Quantitative real time PCR (qPCR) was used to validate CNVRs or CNVs detected in the study. The relative comparative threshold cycle (2−△△CT) method was used to quantify copy number changes by comparing the ΔCT [cycle threshold (CT) of target region minus CT of control region] value of samples with CNV to the ΔCT of a calibrator without CNV [57], [58], [59]. CNVRs (CNVs) were tested by using SYBR Green chemistry as recommended by the manufacturers. We designed the PCR primers using Primer 3 web tool (http://frodo.wi.mit.edu/primer3/). For each target CNVR, two pairs of primers were designed considering the uncertainty of the CNV boundaries. Moreover, In-Silico PCR program from the UCSC browser (http://genome.ucsc.edu/) was used for in silico specificity analysis to ensure the primers only matching with the sequence of interest. We generated standard curves for each primer of target and control regions in order to ensure approximately equal PCR efficiencies between them. A serial diluted genomic DNA samples from a common cattle was used as template for creating a standard curve of each primer. Amplification efficiencies of all primers were calculated based on the standard curves. The copy number of each CNVR (CNV) was compared with a region in the control gene Basic transcription factor 3 (BTF3) as done in previous studies [22]. All PCR primers were designed based on its reference sequence in NCBI. PCR amplifications were performed in a total volume of 20 µL consisting of the following reagents: 1 µL DNA (around 50 ng), 1 µL(20 pM/µL) of both forward primer and reverse primer, 10 µL of Master Mix (2×) and water (Roche Applied Science). All RT-PCRs were run in triplicate. PCRs were run as follows: 5 min at 95°C followed by 40 cycles at 95°C for 10sec and 60°C for 10 sec. All PCRs were performed in 96-well clear reaction plates (Roche Applied Science). The average CT value of three replications for each sample was calculated and normalized against the control gene with the assumption of existing two copies of DNA segment in the control region. For each CNVR (CNV) to be validated, a value from the formula 2×2−△△CT was calculated for each individual. The value obtained was used to judge if an individual is in normal status without CNV (if the value was around 2), in gain status (if the value was around 3 or above), or in loss status (if the value was around 0 or 1).

Results

The numbers of CNVs called by PennCNV, GADA and cnvPartition were 219, 169 and 140, respectively (Fig. 1). Among these CNVs, 71 were commonly called by both PennCNV and GADA, 61 by both PennCNV and cnvPartition, 51 by both GADA and cnvPartition, and 42 by all of the three programs. A total of 99 CNVRs (union region of overlapping CNVs called by two or three programs) across genome were identified. The lengths of these CNVRs range from 27.01 Kb to 1.31 Mb, with an average size of 234.76 Kb and a median size of 151.69 Kb.
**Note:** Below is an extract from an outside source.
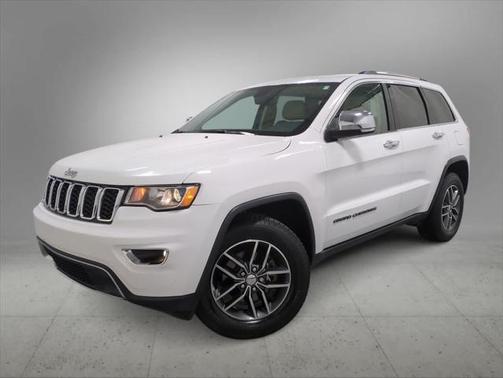 2017 Jeep Grand Cherokee Limited X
The total length of all CNVRs is 23.24 Mb and covers 0.91% of the whole bovine genome. These CNVRs are located on all chromosomes except BTAs 22, 25, 29 and X. The numbers of CNVRs vary across different chromosomes, with BTA6 having the largest proportion (Fig. 2). Among the 99 CNVRs, 81 are in loss status, one in gain status and 17 in loss-gain status. The frequencies of these CNVRs in the study population are quite different. Specifically, 14 (14.1%), 17 (17.2%), 22 (22.2%), 34 (34.3%) and 52 (52.5%) CNVRs have frequencies of above 5%, 4%, 3%, 2% and 1%, respectively. Furthermore, 11 CNVRs were identified in more than 100 individuals, 63 CNVRs in more than 10 animals and the rest in more than 3 individuals. The CNVR with the highest frequency is on BTA10, reaching 27.09% in the population. The detailed description of each CNVR identified is given in Table S1.

thumbnail
Figure 1. Numbers of CNVs identified by three programs and numbers of CNVs overlapped between different programs.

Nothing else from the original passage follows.